Friday 6 February 2009

MMR and The Left Side of ©

Copyright is a thorny issue in today's world - and today the blogosphere is alight with the story of Ben Goldacre, MD threatened with legal action for stealing a large audio excerpt from a radio broadcasts where presenter and one-time actress, Jeni Barnett laid into the MMR debate and got it, er, wrong.

Dr. Goldacre described it (here) as:
"...some of the most irresponsible, ill-informed, and ignorant anti-vaccination campaigning that I have ever heard on the public airwaves."
Which he is completely entitled to to - and you know what I agree with him - but he made a grave (if rather naive) error in posting the entire audio to his blog and that landed him in deeeeep, deep shit as he was shortly served with a take down notice from lawyers representing LBC.

Unfortunately, and in spite poor Ben's bleating and messages of support from many, including yours truly, LBC were entirely within their rights to order a take-down. Not that it's helped their cause much - the Internet is well-known as a den of disregarded copyright and it's now popping up all over the place: including Wikileaks.

There's a good piece on Fair Use laws here (although it's US-based and the laws vary from country to country and judge to judge).

Ben admits that:
"...I posted the relevant segment about MMR from her show, 44 minutes..."
Uh oh.

44 minutes from 180 amounts to 24% of the entire broadcast - and worse - 100% of the arguments that were being discussed and in both cases, Fair Use (from my experience) does not apply.

You can't take a huge chunk from something and then claim Fair Use - it's simply not allowed; you can't even take a small section, say even a fraction of percent if that section represents (can be shown to represent) the heart of the work.

You'll notice the elipses (...) in these quote to suggest one continuations. This is a way of pulling a small section from a piece of copyrighted material (Ben's writings are similarly copyright) while not falling foul of Fair Use laws.

Like Ben, I get enormously pissed when (even well-meaning) Celebs get involved in issues that they know less than fuck all about and then spread a liberal amount of bullshit: which people then believe.

Christine Maggiore was an AIDS denier. She is now dead. Killed by an HIV-related illness.

The ludicrous MMR story, originated by Dr Andrew Wakefield (and others now distanced from the case) has rattled on and on and on: yet there simply isn't any evidence for the assertion it causes autism or IBS.

Not, so says Barnett, "Injecting tiny babies with substances that may compromise their immune system needs to be looked at not shouted down."

This might amaze you Jeni, but we've been doing precisely that for decades! Of course, you're a radio presenter: not a scientist, not a doctor and not qualified to talk about medicine.

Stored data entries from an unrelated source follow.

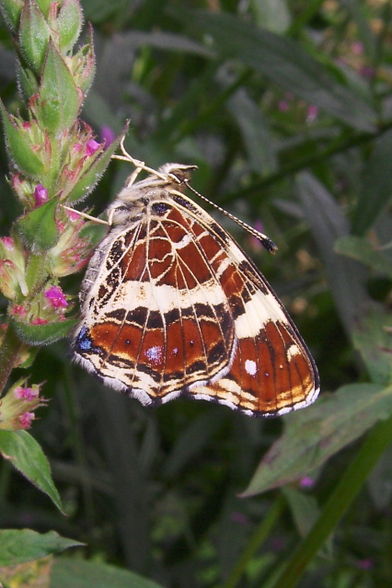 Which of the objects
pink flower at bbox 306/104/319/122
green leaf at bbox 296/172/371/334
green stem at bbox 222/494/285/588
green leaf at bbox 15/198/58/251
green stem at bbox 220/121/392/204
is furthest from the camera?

By way of coincidence, the BBC reports that measles cases are UP again - 27% increase from 2007 to 2008... this is directly related to the sort of bullshit that Jeni and her ilk in the media are so good at spreading.

I don't think that we need a change in the copyright law, but this does raise an issue with free speech laws - and the responsibility that is required from broadcasters.

Bizarrely, in a world where the BBC has bent over backwards to apologise for allowing the unedited version of Batman star, Christian Bale swearing more than I do on air; and the Pope is embarrassed because one of his Bishops is a Holocaust denier (a criminal offence in some countries), we allow dangerous ignorance of this type openly onto the airways.

YES IT MATTERS.

It matters because measles blinds; measles deafens; measles kills children.

Jeni suggests we need an open debate: I'd agree that we need to discuss why she has not been sacked and this sort of dangerous advice is allowed on the air.